AUTO-RESPONSE: The device has been marked as degraded. An attempt will be made to activate a hot spare if available.

Re-formatting the LUN and starting all over again gave exactly the same results - a few minutes into the random workload the pool once again reported data corruption - confirming Oracle's advice that turning on UNMAP for ZFS is not a good idea!

How About Snapshots?

Fairly clearly, ZFS's "write anywhere" approach largely negates the benefit of thin provisioning - but what if you weren't planning to rely on thin provisioning anyway? Especially in a database environment it's not uncommon to allocate only the amount of space that is going to be used by the database, with little to no additional free space in the filesystem.

Fundamentally this is a bad idea with ZFS, as it means that your zpool will be running near to 100% full - which can have a significant impact on performance (due to a lack of free space to "write anywhere" to) and can cause massive fragmentation which helps make performance even worse. But lets ignore that for a moment...

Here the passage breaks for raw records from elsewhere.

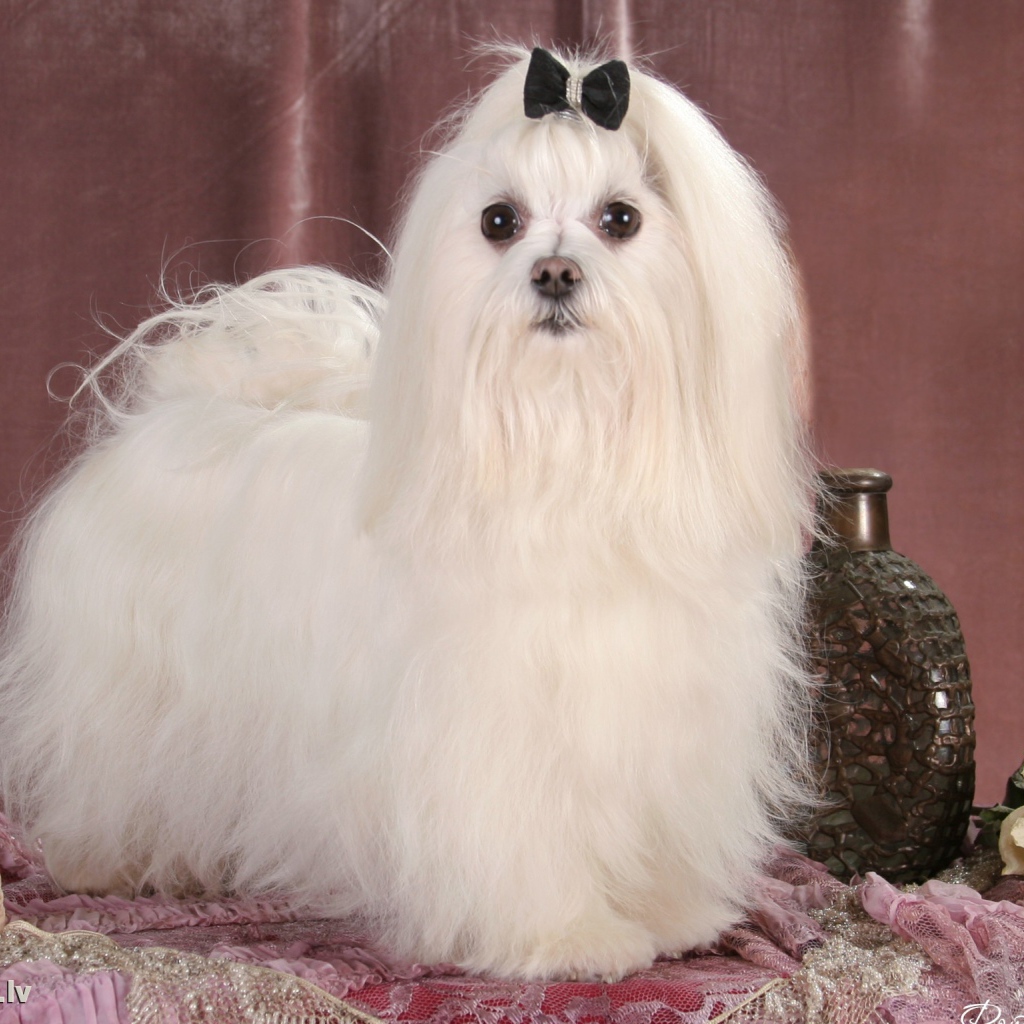 Пушистая мальтийская болонка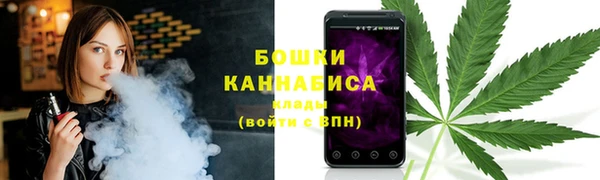 ПСИЛОЦИБИНОВЫЕ ГРИБЫ Михайловка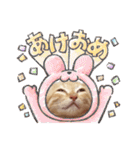 こむぎの変顔【修正版】（個別スタンプ：40）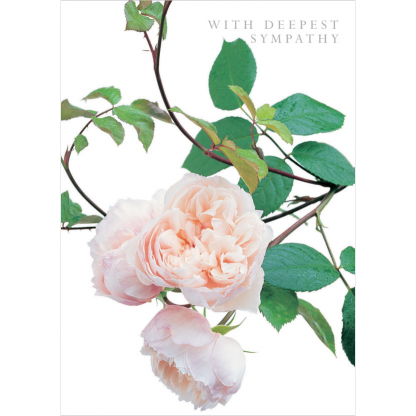 DA21 WITH DEEPEST SYMPATHY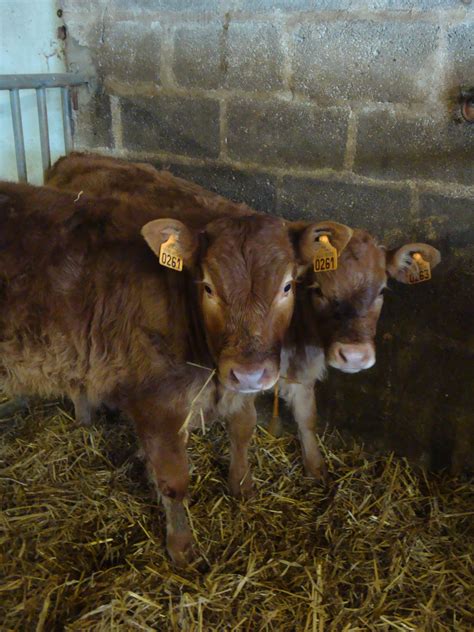 Borde Pascal à Brie-sous-Chalais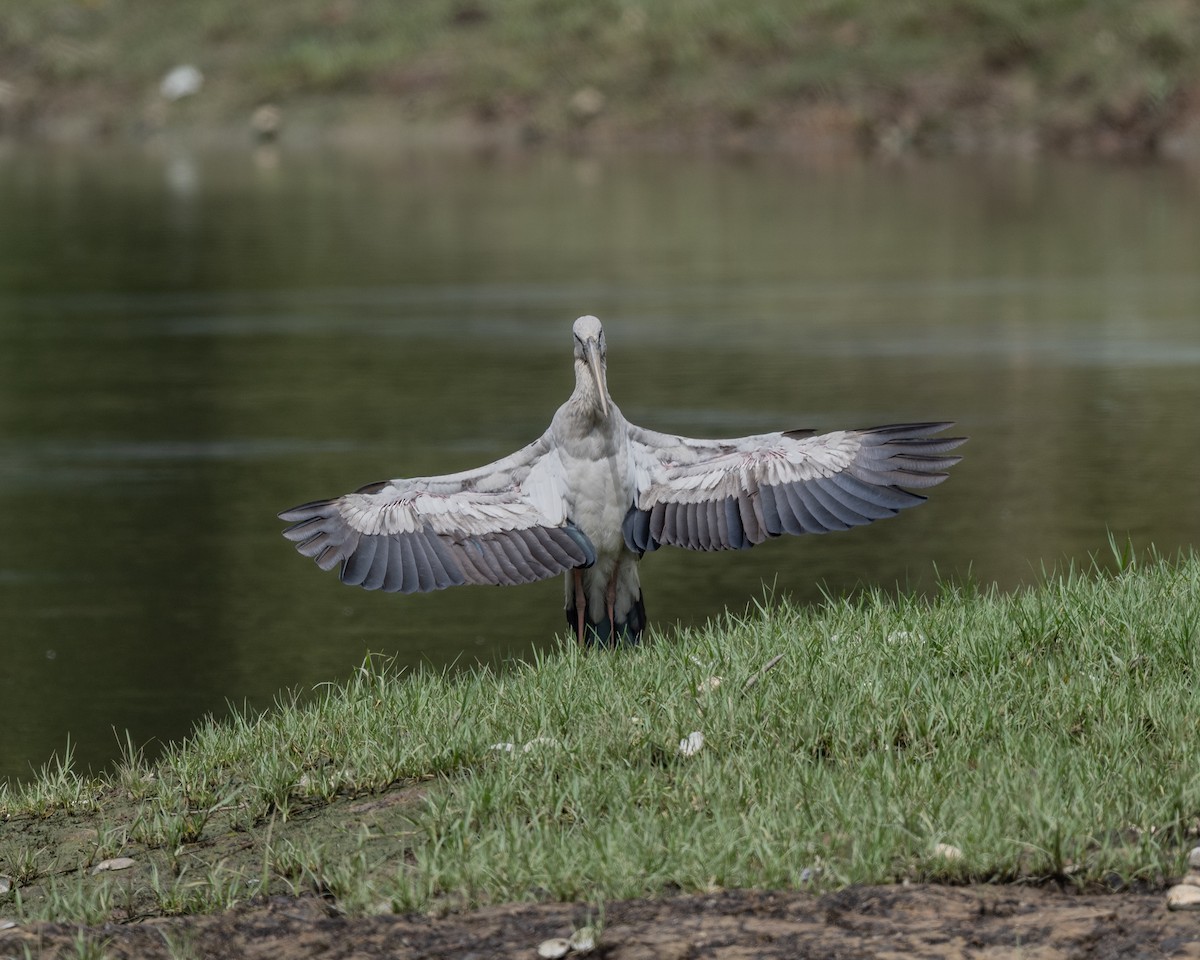 Asian Openbill - ML646837574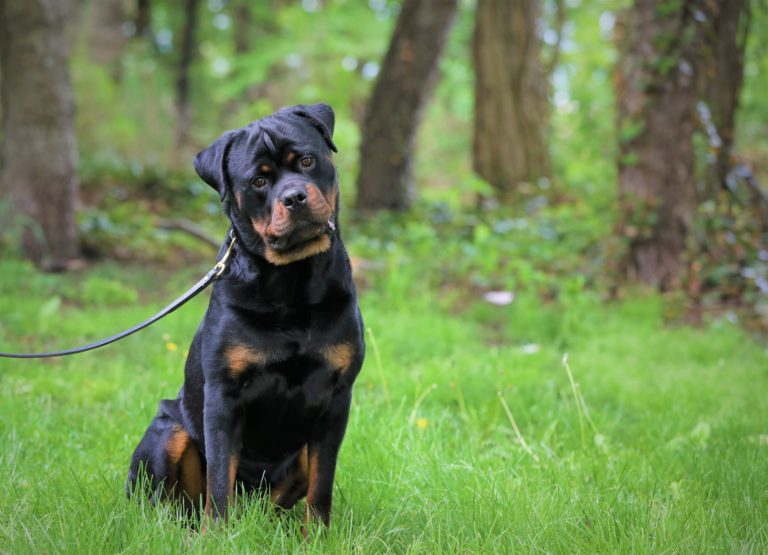 Ruger: Adult, Male, Rottweiler For Sale – Man's Best Friend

Array-level, space-efficient, thin-provisioned snapshots (like those implemented by XtremIO) have become a very popular means of taking copies of data, especially for databases. Those copies may then be used for multiple use cases including backups, analytics, or even development/test/QA environments. Implemented correctly, these snapshots have the advantage of having very low space requirements - the only incremental space required is for blocks that are modified on the source LUN (or the target LUN, for a read/write snapshots).

Normally additional space is only required the first time a block is overwritten after the snapshot is taken. Repeatedly overwriting the same block on the source LUN will not require any additional space, as there is no need to store the intermediate copies of those blocks - only the data when the snapshot was taken, and the current data need to be stored.

However in the same way that ZFS's write-anywhere approach impacts thin provisioning, it will also impact snapshots. Each new block that is written - even if it's an overwrite of an existing block - will be written to a new location so the array will see it as a new write, rather than an overwrite. This results in a much higher number of modified blocks, resulting in more space being required to store the snapshots - just like it was with thin provisioning.

This is especially obviously with database transaction logs where data may be overwritten dozens or even hundreds of times between snapshots. Normally at most one additional copy of the data in the transaction logs must be stored by the snapshots, however when ZFS is being used this could be hundreds of times as much data due to the lack of true overwriting of data.

The Real Solution

There's really only 2 way to solve this problem :

  • Don't use ZFS

  • Go back to JBOD's with the spinning disks that ZFS was designed for (and no, you can't use JBOD's with Flash as they will suffer from the lack of UNMAP support too!)

There is a potential third option, which is attempt to get Oracle to fix the issues with ZFS. Unfortunately, this seems unlikely to occur. Despite good progress being made in the OpenSource versions of ZFS, development of the Solaris version has stalled to the point where it's clear Oracle has no interest in improving it any further.

Which really leaves only one viable option - don't use ZFS. It's a filesystem designed for a world we no longer live in.